The count of EU member states now tallies to four - Ireland, Portugal, Finland and Greece - where this post-political phenomenon has materialised, but committed democrats across the Union should wonder which country is next.

This has not happened by putsch or coup d'etat, at least not one involving any guns or tanks. There are no colonels or partisans who have captured the garrisons and seized the telephone exchange.

Yet a junta has installed itself nonetheless, a junta of ‘experts', technocrats, those educated in the knowledge of What Needs To Be Done.

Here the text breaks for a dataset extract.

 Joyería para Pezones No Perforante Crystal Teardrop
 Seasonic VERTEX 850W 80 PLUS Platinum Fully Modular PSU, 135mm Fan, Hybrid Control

These are the experts who, in the words in May of the president of the Eurogroup of states and Luxembourgish Prime Minister Jean-Claude Juncker, believe that fiscal policy (that is to say almost all government endeavours involved in spending money that touch most citizens apart from home affairs and foreign policy) is "too important" for voters to have a say over, that would be better be agreed, again, in his words, in "dark, secret debates."

They rule from a moveable, intangible palace: Sometimes the orders seem to come from Brussels, sometimes from Frankfurt or Berlin, sometimes from a Luxembourg castle or maybe just via a dinner-time teleconference over a dodgy line and lukewarm coffee.

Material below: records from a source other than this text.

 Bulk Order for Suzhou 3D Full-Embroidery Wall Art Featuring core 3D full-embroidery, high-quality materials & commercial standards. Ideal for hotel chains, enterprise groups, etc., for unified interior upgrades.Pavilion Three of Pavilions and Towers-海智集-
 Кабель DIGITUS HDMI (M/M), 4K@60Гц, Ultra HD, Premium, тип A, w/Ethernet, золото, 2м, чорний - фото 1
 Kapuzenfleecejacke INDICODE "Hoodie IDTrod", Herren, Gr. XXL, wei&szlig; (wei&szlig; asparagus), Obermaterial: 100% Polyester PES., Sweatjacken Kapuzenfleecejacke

But wherever these masters of the European universe happen to be hovering at any one moment, the refrain in effect is the same: ‘Of course, there is no question that you are still allowed to vote however you like. Nevertheless, the policies absolutely cannot change even if the government does.'

And in seeing how easy it is to intimidate democracy, they have have now gone so far, it appears, as to be on the verge of decapitating a government.

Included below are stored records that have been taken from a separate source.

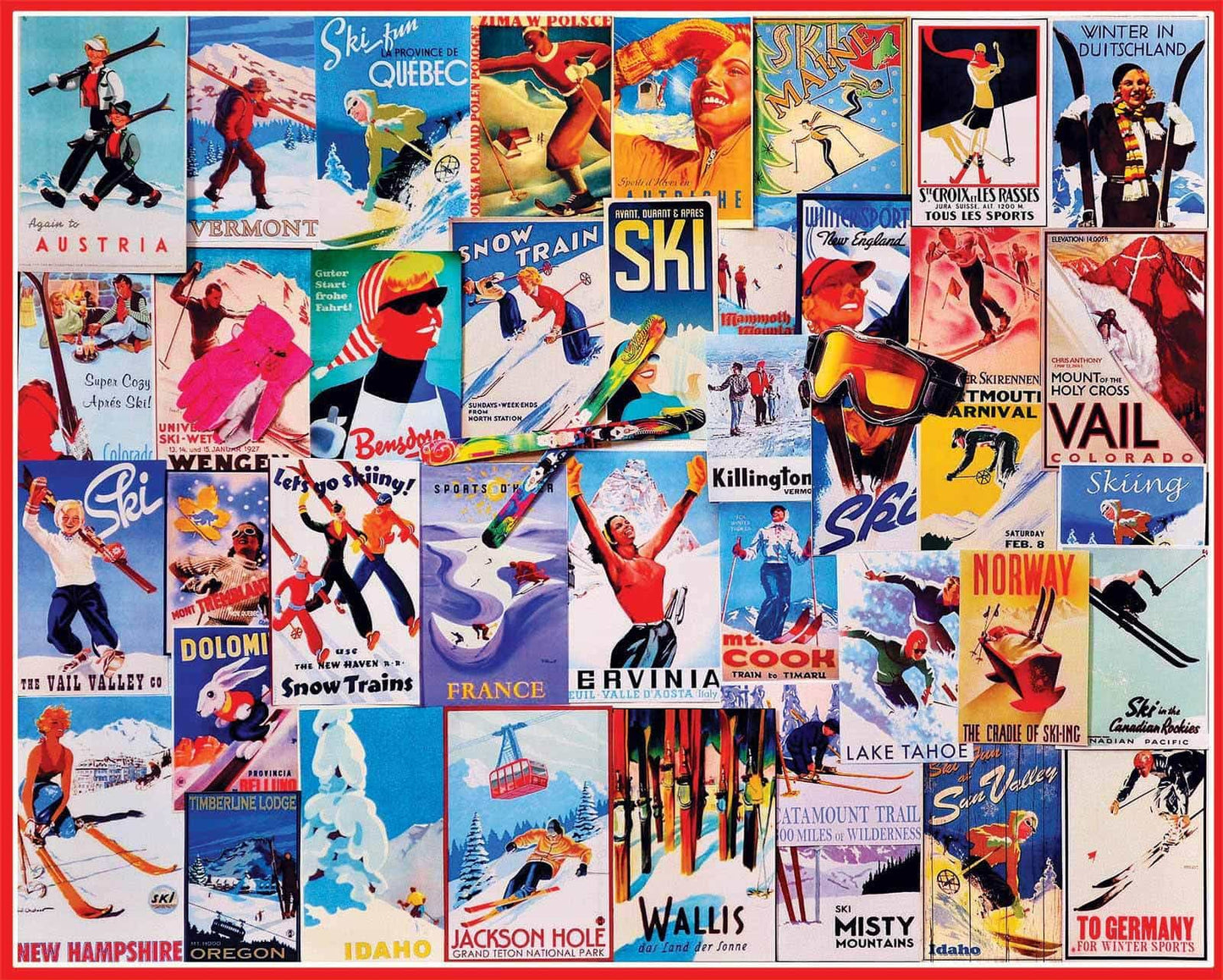 Set of 3: Love to Ski Bundle 1000 piece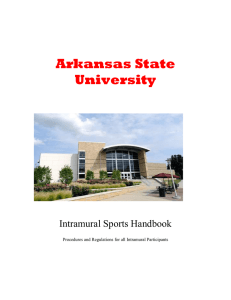 TABLE OF CONTENTS - Arkansas State University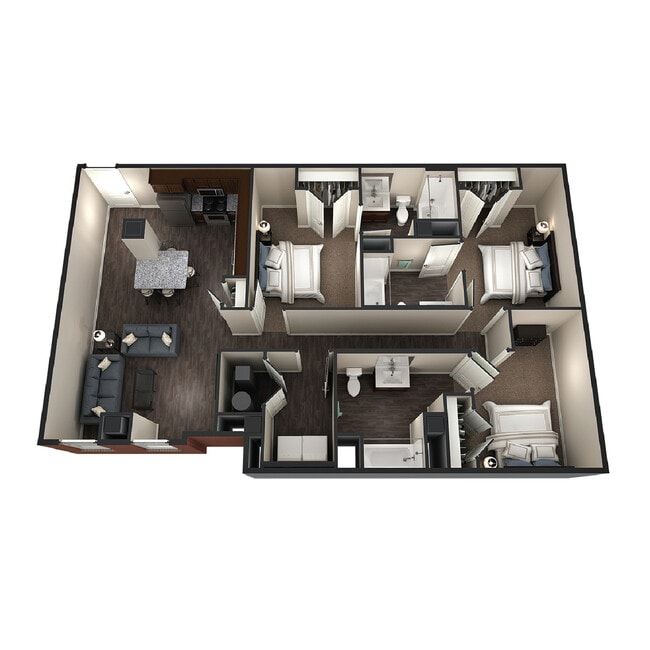 3BR/3BA - Hampton - Element Communities Downtown Columbia - Hi...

A brief history of the ascendency of the experts

The experts first acquired their taste for this way of ensuring policy stability when, confronted with the collapse of the Irish government late last year and opposition parties that then campaigned on platforms calling for a significant alteration to the EU-IMF memorandum that bailed the country, an agreement that imposed draconian austerity and structural adjustment to how the state was run.

After the presumed defeat of Fianna Fail transmogrified instead into an utter rout of the natural governing party of the country by one right-wing party and a slightly leftish one, but in which both had campaigned on a renegotiation of the memorandum that would be tougher on the international bondholders and easier on the regular people who had had nothing to do with the crisis, it was never going to be much of a surprise that the EU-IMF-ECB troika would do their utmost to press the new government to abandon its pledges and continue with the programme.

On the eve of the late-February election, the commission told the electorate that the EU-IMF bail-out could not be renegotiated as it was "between the EU and the Republic of Ireland, it's not an agreement between an institution and a particular government."

"The citizens of Ireland have an important date with democracy tomorrow," economy spokesman Amadeu Altafaj-Tardio told the island. "They'll have an important job to do because they will be applying the programme which was negotiated with the EU, the IMF and the European Central Bank and their international partners."

"It's on the basis of a negotiated programme which was approved with the government of Ireland and which in its main outline has to be applied."

But even months ahead of the election, when the EU institutions sensed Dublin was heading toward a vote, economy commissioner Olli Rehn on a whistle-stop tour of Irish decision-makers and their opposite numbers in November made it clear that whatever happens, the squabbling between political parties had to come to an end.

Then after the election, in March, at a summit of the conservative European Peoples Party in Helsinki in March, German Chancellor Angela Merkel bluntly told her newly minted fellow right-wing Irish leader, from the same European party, Enda Kenny, at his first European outing at Taoiseach, that as far as any changes to the bail-out are concerned, No dice. But not only that, but further pain will be required.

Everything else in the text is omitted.